The research focuses on the presentation of word recognition technique for an online handwriting recognition system which uses multiple component neural networks (MCNN) as the exchangeable parts of the classifier.

Abtract

The research described in this paper focuses on the presentation of word recognition technique for an online handwriting recognition system which uses multiple component neural networks (MCNN) as the exchangeable parts of the classifier. As the most of recent approaches, the system proceeds by segmenting handwriting words into smaller pieces (usually characters) which are recognized separately. The recognition results are then the composition of the individually recognized parts. They are sent to the input of a word recognition module in turn to choose the best one by applying some dictionary search algorithms. The proposed classifier overcomes obstacles and difficulties of traditional ones to big character classes. Furthermore, the proposed classifier also has expandable capacity which can recognize another character classes by adding or changing component networks and built-in dictionaries dynamically.

Introduction

Now a day, touch user interfaces (TUI) are becoming increasingly popular and will play an important role in human-computer interaction. Tablets, smartphones and TUI computers accepting finger or pen based input are becoming an indispensable part of many persons. Using fingers or a pen as an input device takes over many functions of conventional mouse and keyboard. One major advantage of the pen over the mouse is the fact that a pen is a natural writing tool while the mouse is very cumbersome when used as a writing tool. However, it needs a reliable transformation of handwritten text into a coding that can be directly processed by a computer, e.g., ASCII. A traditional transformation model usually includes a preprocessor which extracts each word from image or input screen and divides it into segments. A neural network classifier then finds the likelihoods of each possible character class given the segments. These likelihoods are used as the input to a special algorithm which recognizes the entire word. In recent years, research in handwriting recognition has advanced to a level that makes commercial applications. Nevertheless, significant disadvantages of such single neural network classifiers are complexity in big network organization and expandable capacity.

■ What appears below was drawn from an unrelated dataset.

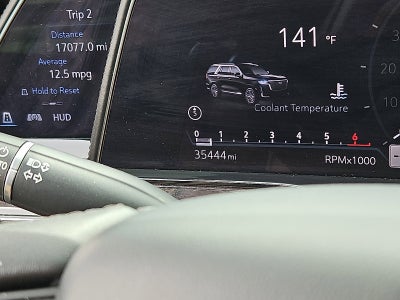 2021 Cadillac Escalade Premium Luxury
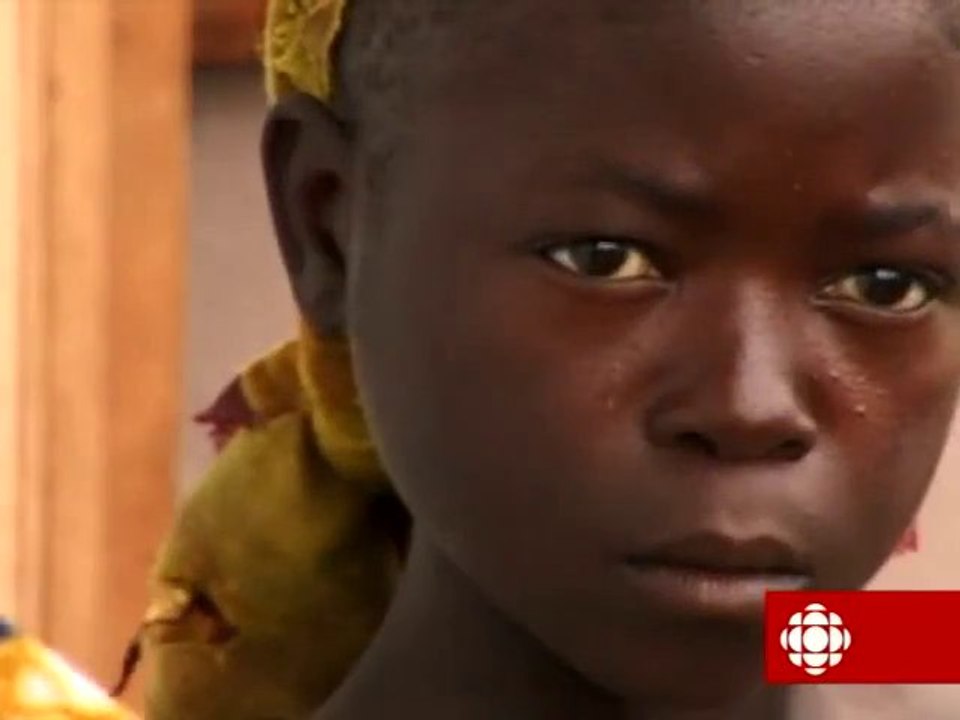 Congo : Les femmes du Kivu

A high reliable recognition rate neural network can be built easy to recognize a small character class but not to big ones. The larger inputs and outputs make increasing of the neural network’s layers, neurons, connections. Hence, it makes more difficulties to network training process and especially the recognition rate should be significantly decreased. Furthermore, a single neural network classifier only works to a particular character class. It is not exchangeable and or expandable to recognize additional character classes without recreating or retraining the neural network.

This paper presents a new online handwriting recognition system that based on multiple convolutional neural networks (CNNs). Unlike the traditional single neural network classifiers, the new one includes a collection of very high recognition rate component CNNs that work together. Each CNN only recognize correctly to a part of the big character class (digits, alphabet, etc.), but when these networks are combined by programing algorithms they can create a flexible classifier which can recognize differential big character classes by simply adding or removing component CNNs and language dictionaries.

Convolution neural network

Convolutional Neural Networks (CNNs) are a special kind of multi-layer neural networks. Like almost every other neural networks they are trained with a version of the back-propagation algorithm. Where they differ is in the architecture. Convolutional Neural Networks are designed to recognize visual patterns directly from pixel images with minimal preprocessing. They can recognize patterns with extreme variability (such as handwritten characters), and with robustness to distortions and simple geometric transformations.

Fig. 1. A Typical Convolutional Neural Network (LeNET 5)[1]

The convolutional neural network LeNET 5 for handwritten digit recognition has granted reliable recognition rate up to 99% to MNIST dataset. The input layer is of size 32 x32 and receives the gray-level image containing the digit to recognize. The pixel intensities are normalized between −1 and +1. The first hidden layer C1 consists six feature maps each having 25 weights, constituting a 5x5 trainable kernel, and a bias. The values of the feature map are computed by convolving the input layer with respective kernel and applying an activation function to get the results. All values of the feature map are constrained to share the same trainable kernel or the same weights values. Because of the border effects, the feature maps’ size is 28x28, smaller than the input layer.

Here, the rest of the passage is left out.